Le sujet de ces biais sociaux est d’ailleurs pris au sérieux par la Commission européenne qui, en 2018, a publié un guide pour une IA de confiance rédigé par un comité d’experts sur l’intelligence artificielle. Ce guide définit sept exigences que devraient respecter les systèmes d’IA : garantir le libre arbitre, à savoir qu’un algorithme ne doit pas vous manipuler via des biais cognitifs qui vous privent de votre autonomie de décision, ne pas exacerber la violence, être juste, c’est-à-dire ne pas discriminer une partie de la population, être transparent, être sûr, respecter la vie privée, avoir un responsable, en l’occurrence une entreprise dont la responsabilité est engagée par ce système, en cas de litige notamment.

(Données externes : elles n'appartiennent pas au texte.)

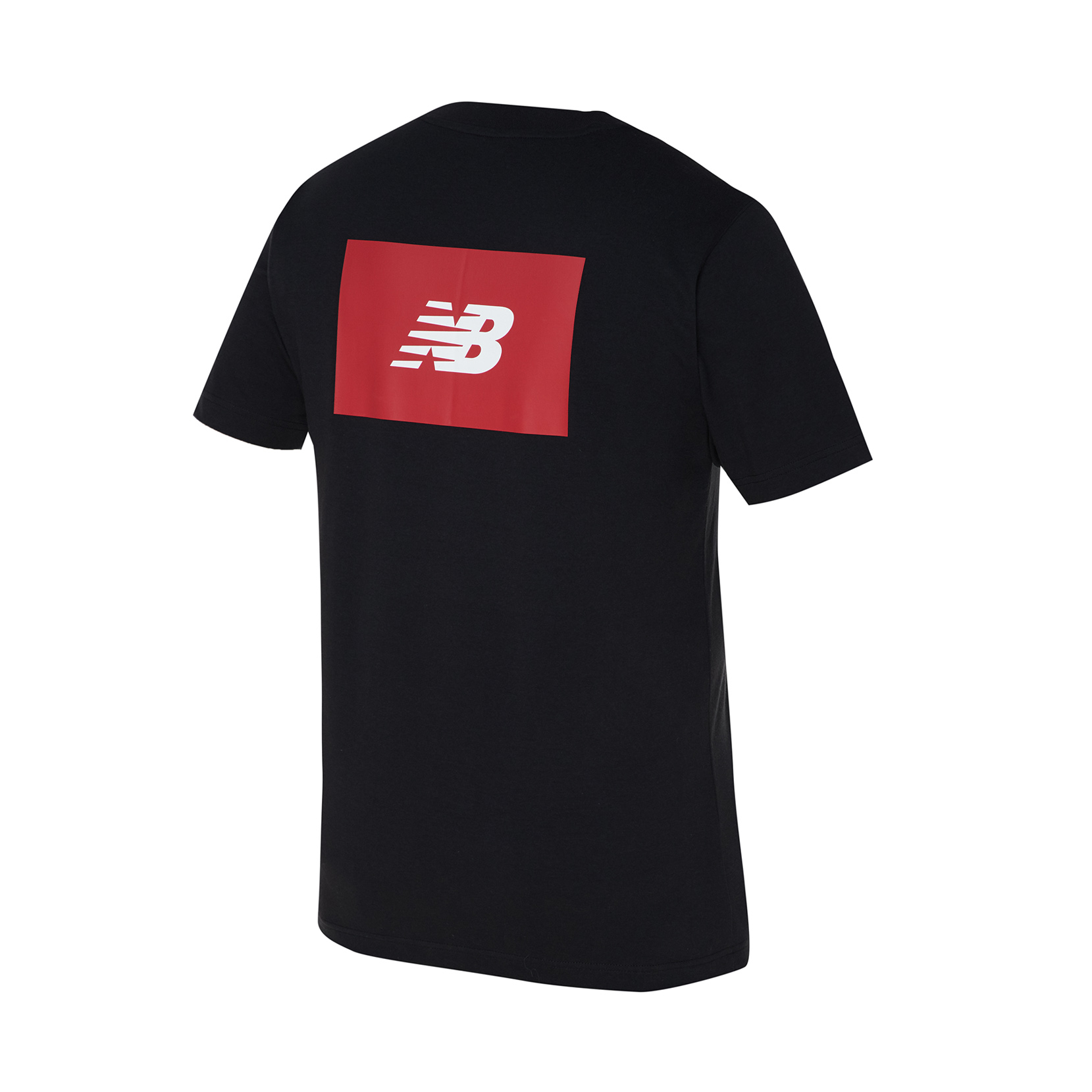 Футболка NB Logo Graphics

De son côté, l’OCDE a adopté cinq principes en mai 2019 : l’IA doit être au service des intérêts de la planète et des individus, elle doit être conçue dans le respect de l’État de droit, des droits de l’homme, des valeurs démocratiques et de la diversité. L’OCDE évoque aussi la nécessité de la transparence de l’IA, de sa sécurité comme d’un contrôle en amont de ce système. Des recommandations essentielles, mais qui n’ont aucune valeur législative. D’où le danger que courent nos sociétés et la démocratie lorsqu’on sait que Google, Apple, Facebook, Amazon et Microsoft détiennent le quasi-monopole de l’intelligence artificielle et que cette dernière peut augmenter les inégalités comme les décisions injustes. Comme le dit Aurélie Jean dans son ouvrage : « De plus en plus de décisions seront à l’avenir prises par des algorithmes. Mais nous devons rester maîtres de nos vies et de nos choix fondamentaux, et non les déléguer à des équations mathématiques. »

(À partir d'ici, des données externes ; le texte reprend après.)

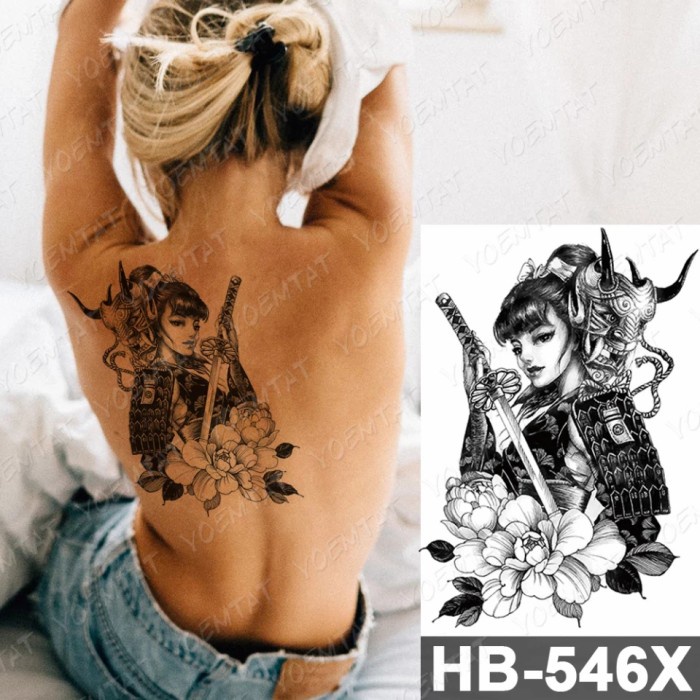 Detail Tato Badan Keren Nomer 37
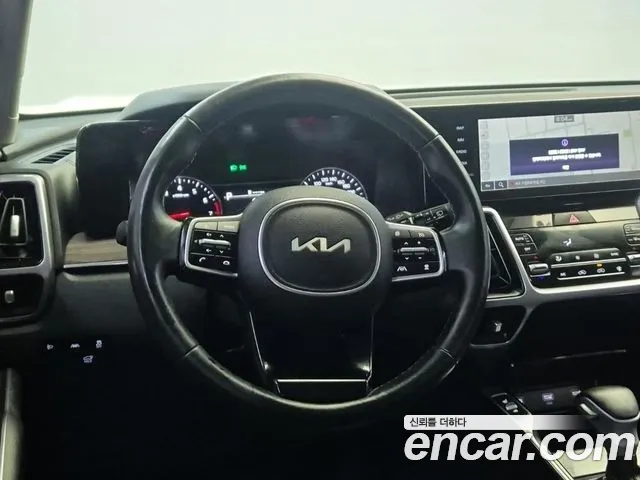 Kia Sorento 2022 thumb 9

Pour la mathématicienne américaine, devenue figure de proue du mouvement Occupy Wall Street, Cathy O’Neil, les algorithmes sont dangereux quand ils s’emparent de secteurs clés de nos sociétés : éducation, justice, emploi. Dans son essai, Algorithmes, la bombe à retardement3, elle les appelle même des « armes de destruction mathématique », perpétuant les discriminations et disqualifiant les plus vulnérables. « De nombreux algorithmes utilisés dans des lieux déterminants et menant à des décisions cruciales ne sont pas contrôlés. Tout ce qui concerne la prison, l’emploi, l’accès au crédit et, de manière générale, aux opportunités d’une vie », expliquait-elle à L’Obs. Il faudrait s’assurer, selon elle, que les algorithmes procèdent de façon équitable, mais « il n’y a, hélas !, aucune raison de penser que ce soit le cas, car il y a des opinions incrustées dans le code ».

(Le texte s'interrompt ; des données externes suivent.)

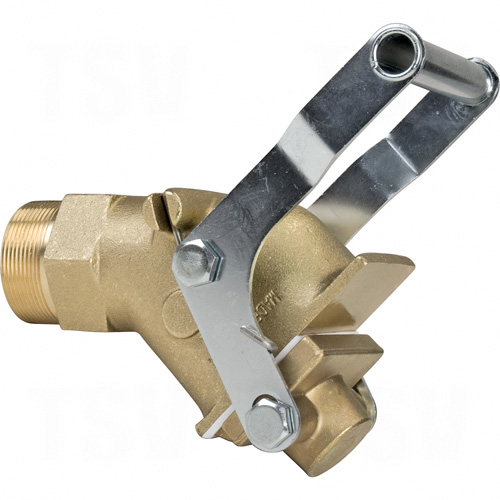 PE363 - Self Closing Gate Valves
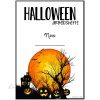 Halloween arbeidshefte mellomtrinnet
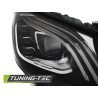 Phares LED noirs compatibles MERCEDES W222 13-17 Phares LED noirs compatibles MERCEDES W222 13-17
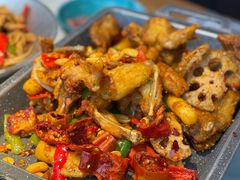 -荷塘秋月·本帮江浙菜(国权路店)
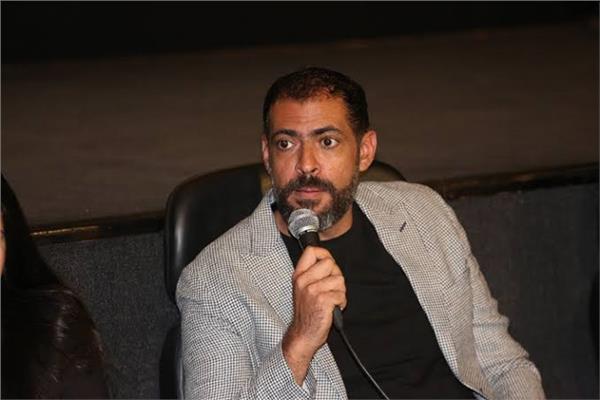 المخرج وليد الحلفاوي
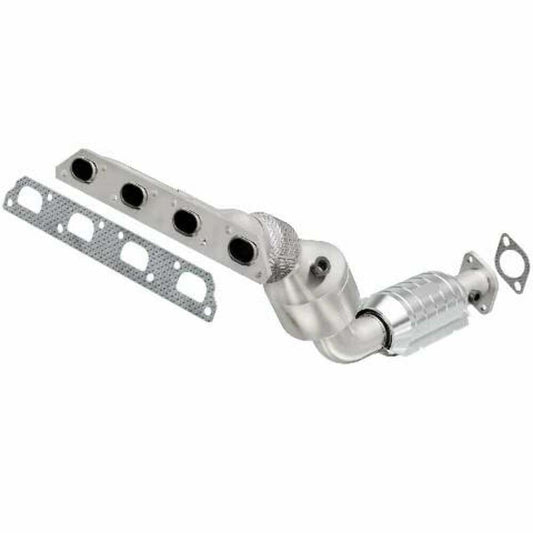 02-06 Cooper/S manf OEM Direct-Fit Catalytic Converter 49351 Magnaflow - Catalytic Converters Car Part People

Dans son dernier livre, La Tyrannie des algorithmes4, le psychanalyste Miguel Benasayag s’inquiète de l’évolution de notre vie collective insidieusement prise en charge par les machines, que ce soit à travers des logiciels de surveillance couplés à des caméras, la justice prédictive ou le suivi marketing de nos moindres faits et gestes pour élaborer des prédictions d’achat… Derrière cette interrogation se pose la question centrale de la singularité du vivant, de l’humain face à l’intelligence artificielle et à la déresponsabilisation de plus en plus grande qu’elle introduit dans nos existences comme dans nos sociétés. Or, rappelle le psychanalyste, la vie humaine n’est pas gérée par la « rationalité calculante » d’un algorithme. L’être humain ne peut pas fonctionner comme une machine, ce que le monde des algorithmes ignore. Si la machine dépasse l’humain en matière de capacité calculatoire, elle est bien incapable de donner une signification à ses propres calculs. Selon lui, la violence de la numérisation réside aussi dans la négation de toutes formes d’altérité et d’identité singulière. Or, ce qui fait la démocratie, c’est l’existence de la tolérance et de la conflictualité. Si nous continuons à obéir aux diktats du big data, on risque d’assister à un attentat à la démocratie. Tôt ou tard, les machines risquent de nous coloniser si on les utilise mal, avec des conséquences désastreuses pour nos libertés. Nous risquons d’être réduits non plus à exister, mais à fonctionner, comme des machines, c’est-à-dire à être dans la pure efficience et la performance.


1 Judith Duportail, L’Amour sous algorithme, Paris, Goutte d’or, 2019, 230 p.

2 Aurélie Jean, De l’autre côté de la machine, Paris, éditions de l’Observatoire, 2019, 204 p.

3 Cathy O’Neil, Algorithmes, la bombe à retardement, Paris, Les Arènes, 2018, 340 p.

4 Miguel Benasayag, La Tyrannie des algorithmes, Textuel, 2019, 94 p.